Jika kamu menerimanya, kamu dan dia akan menjalin sebuah hubungan berpacaran. Siapkah dirimu menjadi seorang perempuan yang akan menjalin hubungan dengan laki-laki yang sama sekali tidak kamu kenal? Bukankah perihal cinta dan kasih sayang itu biasanya mereka persiapkan untuk dirinya di masa depan? Lalu bagaimana kamu akan menjelaskan hubunganmu ini nanti? Dan untuk menikah, kamu bahkan belum bisa menyelesaikan tugas sekolahmu dengan baik. Ini bukan saatnya membicarakan cinta, kasih sayang apalagi sebatas perasaan yang terkadang hilang begitu saja.

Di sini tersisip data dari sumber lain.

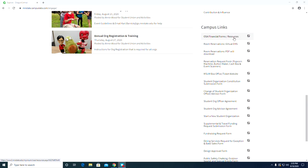On top is the OSA Financial Forms and Resources link. This brings you to the Office of Student Activities' awesome website. There are so many great resources, informational modules, and lots of other supports on this website. There are even policies that you as student organizations have to follow.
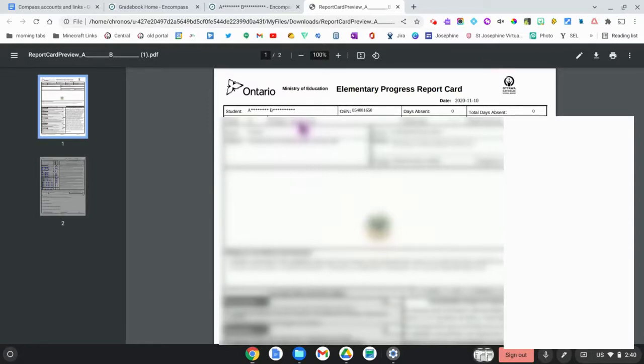These are a couple of ways that you can see older report cards from Compass. Thanks so much for listening.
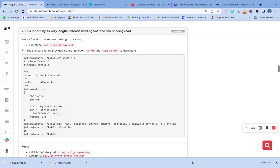Hello, welcome to question number two of 05c Pointer Strings and Array. The question says write a function that returns the length of a string. Remember this is a prototype we have added to our header.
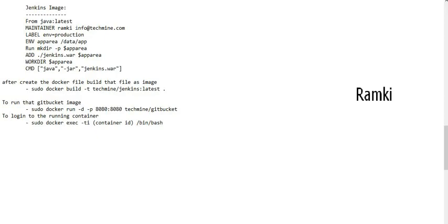Hello guys. In this session, we created a Docker image. In the previous session, we created a GitBucket image. In the initial session, we created a Java image.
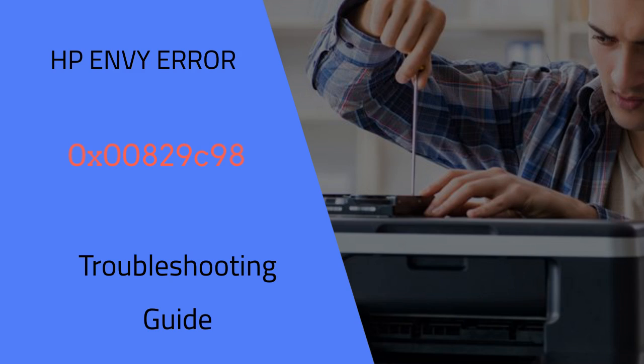To effectively identify and address the root cause, a methodical approach to troubleshooting is essential. Now we move towards how to resolve HP Printer Error Code 0x00829C98.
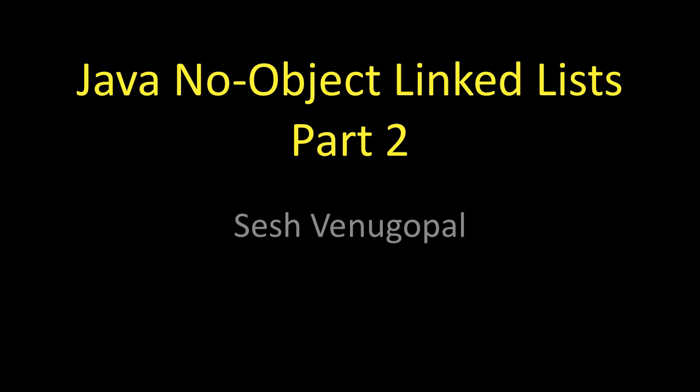Hi, I'm Sashvinder Gopal. This is the second part of how to write a Java application with linked lists without using a linked list object.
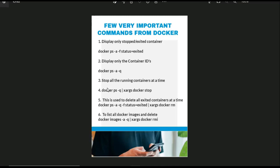The sixth command is to list all the Docker images and delete them. Here what we are doing is we are listing all the images and deleting them at a time. Docker image -a -q pipe to xargs docker rmi. This command will be used to delete all the images at a time, list and delete if it is not in use. These are the important commands from Docker.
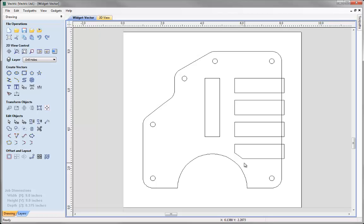In this tutorial we are going to demonstrate the merging toolpaths feature of the software. This will allow any toolpaths using the same tool to be combined and optimised in a number of different ways into one efficient toolpath which can then be run on your machine.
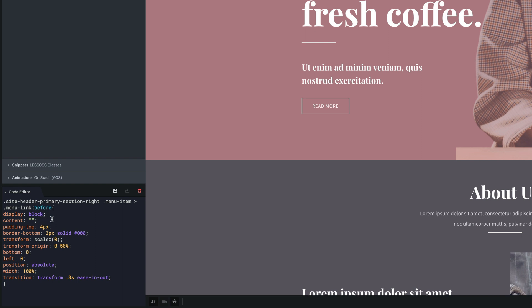The content code needs only to display our pseudo element and add content. The content property is used with the before and after pseudo elements to insert generated content. Position absolute will draw our line in a specific location. This means that the element is positioned relative to its first positioned ancestor element. Bottom and left are both zero, so the line will be at the bottom left of the whole div.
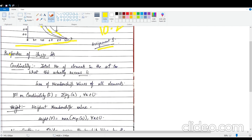Now let us look at a few properties of fuzzy sets. One property is cardinality. In general, cardinality means the total number of elements in a set, which is clearly defined for crisp sets. In fuzzy sets, cardinality is the sum of all the membership values of its elements — it accounts not just for how many elements are present, but how much they belong to the set. It is denoted by the sigma of all membership function values.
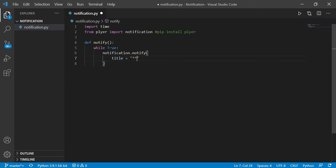Now the title I'm going to give the title as please drink water now. And yeah guys, one more important thing, you can create this notification on anything like for taking rest or going outside, whatever you want you can create on anything.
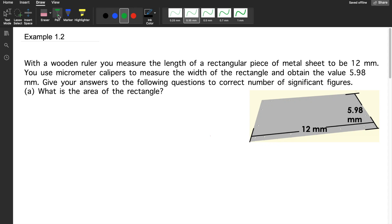For example, number 1.2: with a wooden ruler, you measure the length of a rectangular piece of metal sheet to be 12 millimeters. You use micrometer calipers to measure the width of the rectangle and obtain the value of 5.98 millimeters. Give your answers to the following questions to the correct number of significant figures. First, evaluate the units of measurements being used — here we have millimeters for both, so we don't have to convert from one unit system to another.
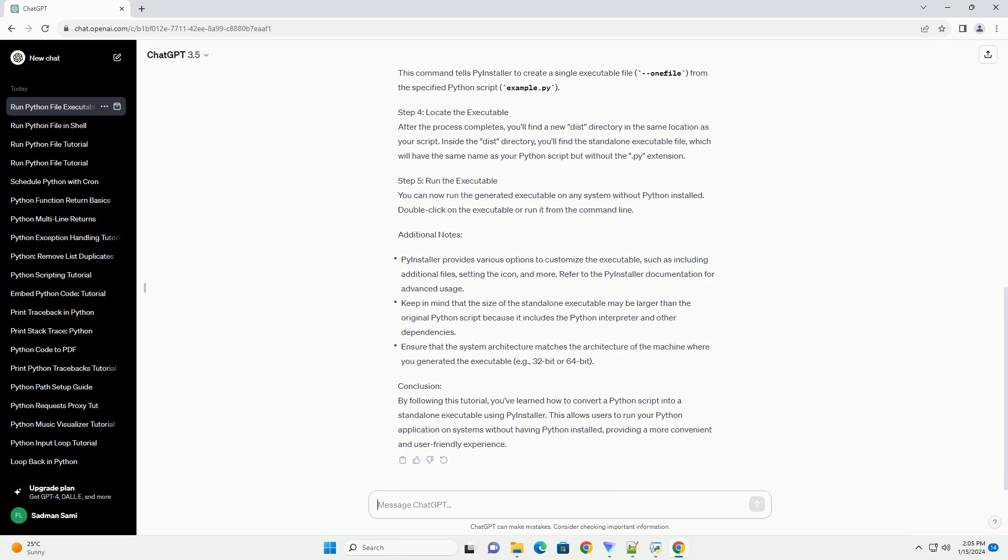Step 2: Create a Python script. For this tutorial, let's create a simple Python script named example.py that prints 'Hello, World!' to the console.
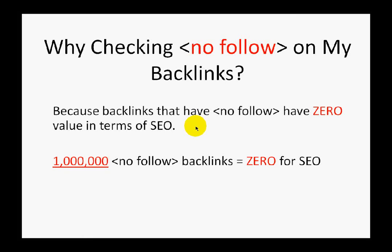Hi everybody, this is FreeTrafficSystem.com team. Today we're explaining how to check nofollow on your backlinks. It's very smart and logical to start with a question: why should I check nofollow on my backlinks?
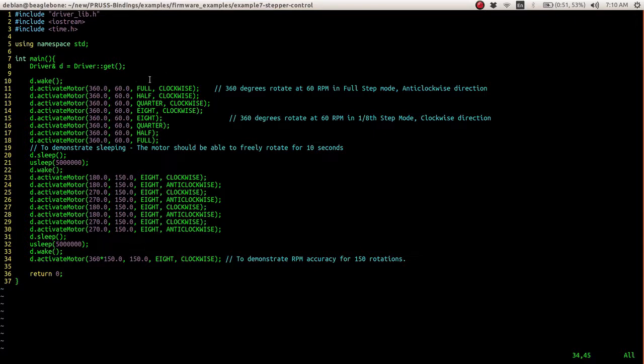The full step mode means there are 200 steps taking place per revolution. The frequency of the pulse width modulation has to be modified according to each of the steps per revolution that we have.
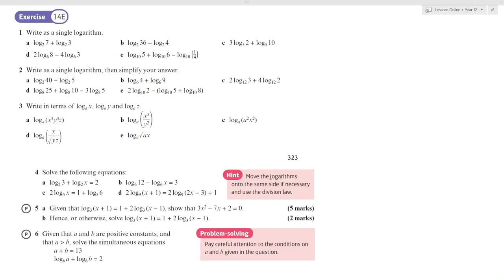Now it's your turn. You've got these 6 questions — have a go at them all. Good luck.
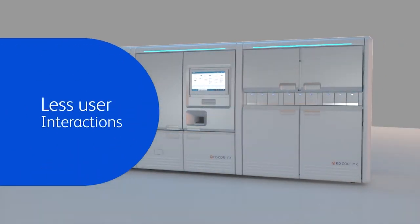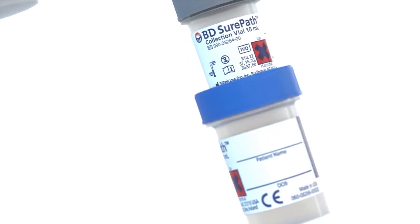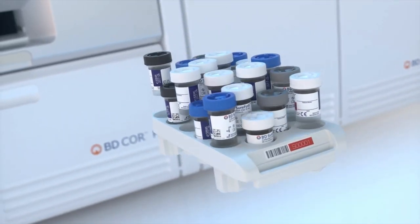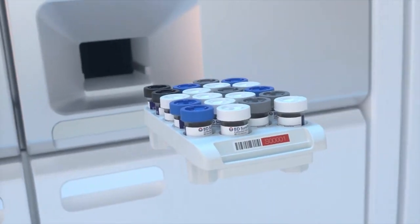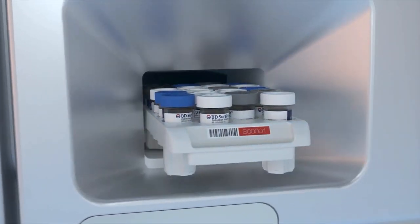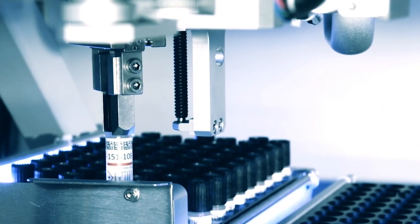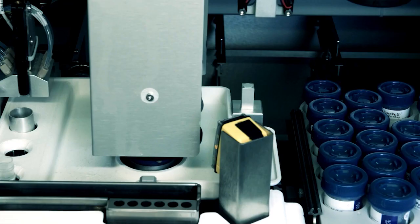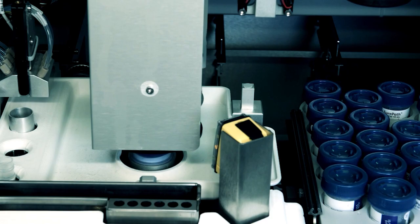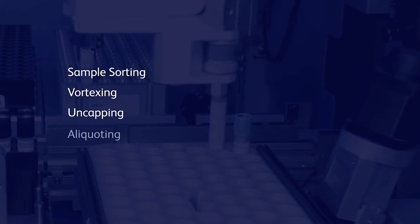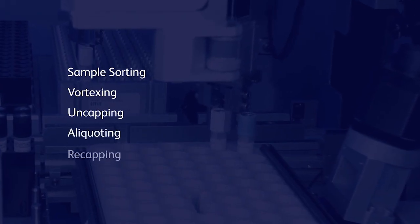Simply load samples into the multi-use barcoded racks and place them into the PX module. The PX module automates a number of workflow steps that previously had to be handled manually, such as sample sorting, vortexing, uncapping, aliquoting, and recapping.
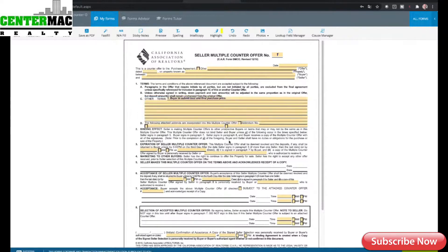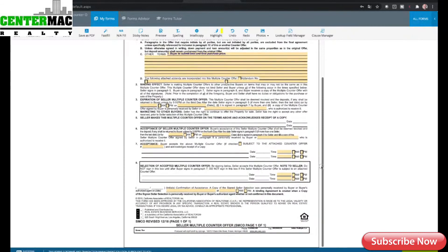It says here: 'The following attached addenda are incorporated into this multiple counteroffer.' Sometimes there are so many terms and conditions that you run out of space and want to include an addendum, which you can. The binding effect section — number two here — basically says sellers are making multiple counteroffers to other prospective buyers on the same terms or may not be the same. So you can actually make multiple counteroffers on different terms to different buyers; they don't have to be the same terms. I'll go ahead and click Save.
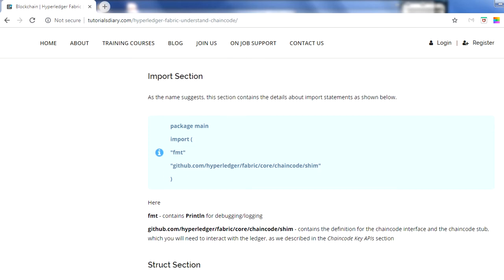The very first section is the import section. You can think of it like other programming languages you may have used - C, C++, Java, or .NET. If you equate this to Java, this is like the import statement: whenever you have external interfaces or common functionality, you do an import rather than writing the same piece of code again and again in each class. You create a separate package and reference it from other classes, and we do the same thing here.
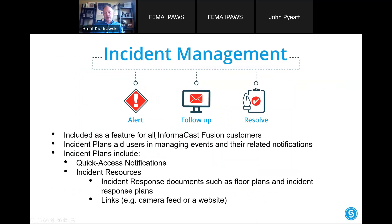The final piece that brings it all together is incident management — the ability to send out an alert, have a console to quickly send follow-up alerts, and access different resources relevant to that particular emergency, whether it's a URL to a security camera, documents for policies and procedures, or evacuation maps. It's a repository specific to each incident that gives you all the information you need to manage it. That is John's cue to take over and show you the demo.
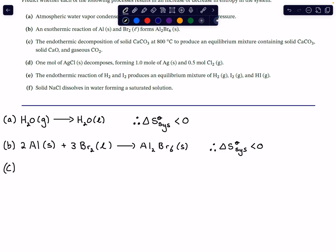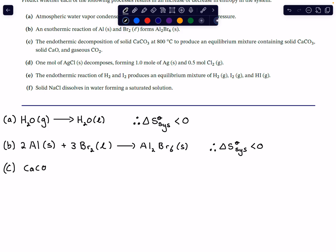The next process is the endothermic decomposition of solid calcium carbonate at 800 degrees Celsius to produce an equilibrium mixture containing calcium carbonate solid, calcium oxide solid, and gaseous CO₂. We can write this equilibrium as: CaCO₃(s) ⇌ CaO(s) + CO₂(g).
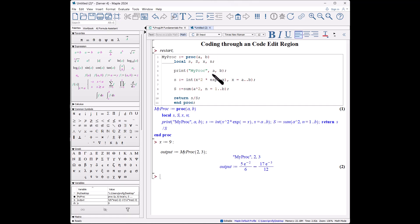So in the end, a code edit region is like an execution group. You have to hit shift-enter to enter everything within the code, but the keywords are identified and it provides both errors and warning checks. For situations where I only need a few lines of code, I tend to use just the 2D input which allows me to use the palette. For half-page code entering or full-page code entering, I tend to use a code edit region.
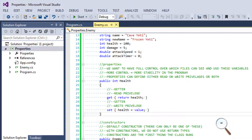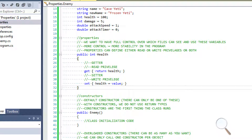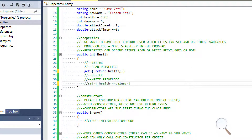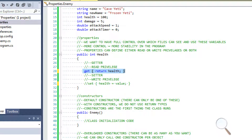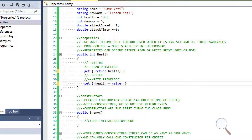There are a couple more useful things we can do with properties. We can omit the getter entirely, or omit the setter, making a property write-only or read-only. In practice, properties are almost always at least readable, so get into the habit of always creating a getter. Then decide whether you want the property to be modifiable — if not, skip the setter; if yes, add one.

Kamu masih menolak? Baiklah, mungkin jika Tuhanmu yang memerintahnya mungkin kamu akan menerimanya. Roda kehidupan dunia yang kamu jalani tak lepas dari pengawasan-Nya, kamu tidak akan bahagia jika melanggar perintah-Nya. Bahkan untuk mengutarakan perasaan cinta, jika tak kamu utarakan dengan cara yang benar menurut pandangan-Nya, maka kamu akan tergelincir oleh kebahagiaan dunia yang tak lebih dari ilusi semata.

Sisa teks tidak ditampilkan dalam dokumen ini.